Ive heard these things poping prematurely, and costing 100 buks ech time. For the money…. iiif you needed that type of (mobile saw) then its awesome,absolutly! but if its somthing to stay put in the shop, man i woulda gone with the pm66 (although i have an X5) hands down, i mean, how many woodoworkers do you know that are digitless?? I think thes are GREAT FOR SCHOOLS though. I seen one at house of tools 2 days ago and i had the ferver, WOW hun, look at this…its the thing i told you about, but when i seen the price!!! I think ill try and just be more careful. It is a great looking unit, i mean powdercoated frames?! awesome, and the fit and finish was impressive, so congrats too you sir, youll love this saw.

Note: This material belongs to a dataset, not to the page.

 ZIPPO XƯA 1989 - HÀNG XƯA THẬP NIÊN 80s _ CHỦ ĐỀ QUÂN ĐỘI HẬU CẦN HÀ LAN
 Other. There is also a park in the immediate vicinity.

And i would too, just id take another over it.

hope i dont now loose a finger!!


----------



## drbob (Jan 17, 2009)

You will be happy to know that ConsumerSearch recently rated the top contractors saw and Popular Mechanics gave the SawStop an award for safety features unique among contractor saws.

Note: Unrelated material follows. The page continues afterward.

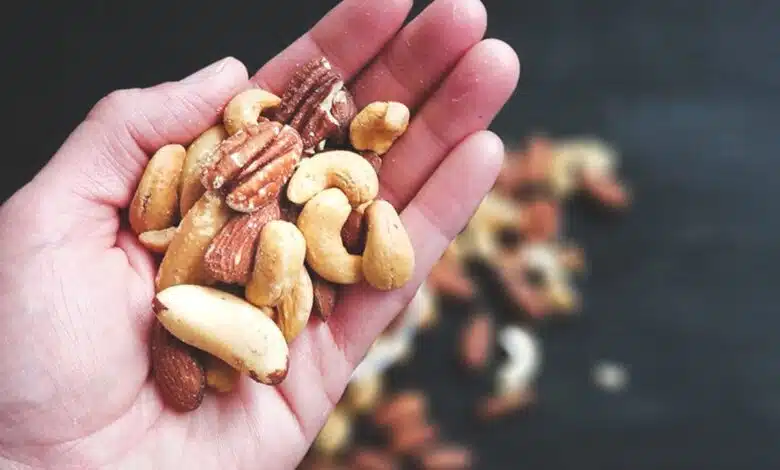 Add nuts and seeds to your diet for weight loss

If you are interested in reading the review go to *Woodworking Tips and Tools *


----------



## WoodSpanker (Feb 10, 2009)

Thanks for that, it is one of the saws I am thinking about purchasing…. I like the whole safety thing they got going on.


----------



## archie18 (Nov 4, 2008)

I got almost the same saw last week and I agree that the assembly instructions and packaging were the best I have ever seen. Only difference in my saw is 36 " table instead of 50 inch. Yes, it is a lot of money for a saw but after two near amputations, my wife agreed I needed one. The last injury put me out of commission for 2 months. And it cuts beautifully. I would recommend it to anyone who can afford it. Bought mine at Woodcraft store in Franklin, TN.


----------



## DDB (Mar 25, 2009)

I recently bought the same saw with the 36" extension table. VERY impressive piece of machinery! Everything seems to be top quality. Well worth the money.

Only "problems" I'm experiencing are the cast iron extension tables. They are slightly bowed, and I can't get them flat. SS tech rep told me to begin by leveling them in the middle in lieu of the ends. Tighten the two middle bolts, then use a C-clamp to level the ends and tighten those bolts. They're better now, but when I run a 4 foot straight edge across the width of the entire table, I find that the far edges of each extention table are high.

Anyone else experience this situation? If so, were you able to correct it?


----------



## HokieMojo (Mar 11, 2008)

I just wanted to follow up to see if you have any additional thoughts after owning this saw for some time now. I've been thinking about this saw but need to do some research. Do you ever wish you went with the sawstop professional?


----------



## metalingwoodsmith (May 28, 2017)

I just purchased this 52" sawstop and haven't even tried it out yet. I have to sell my Jet jwts10 contractor saw so I can put this one in its place. I can swap places with the sawstop but I'm hoping I can just get rid of it so I don't have to move it around too much and have it out of the way. Don't get me wrong, that jet saw served me well, but now I finally have a sawstop and want to get jiggy with it


----------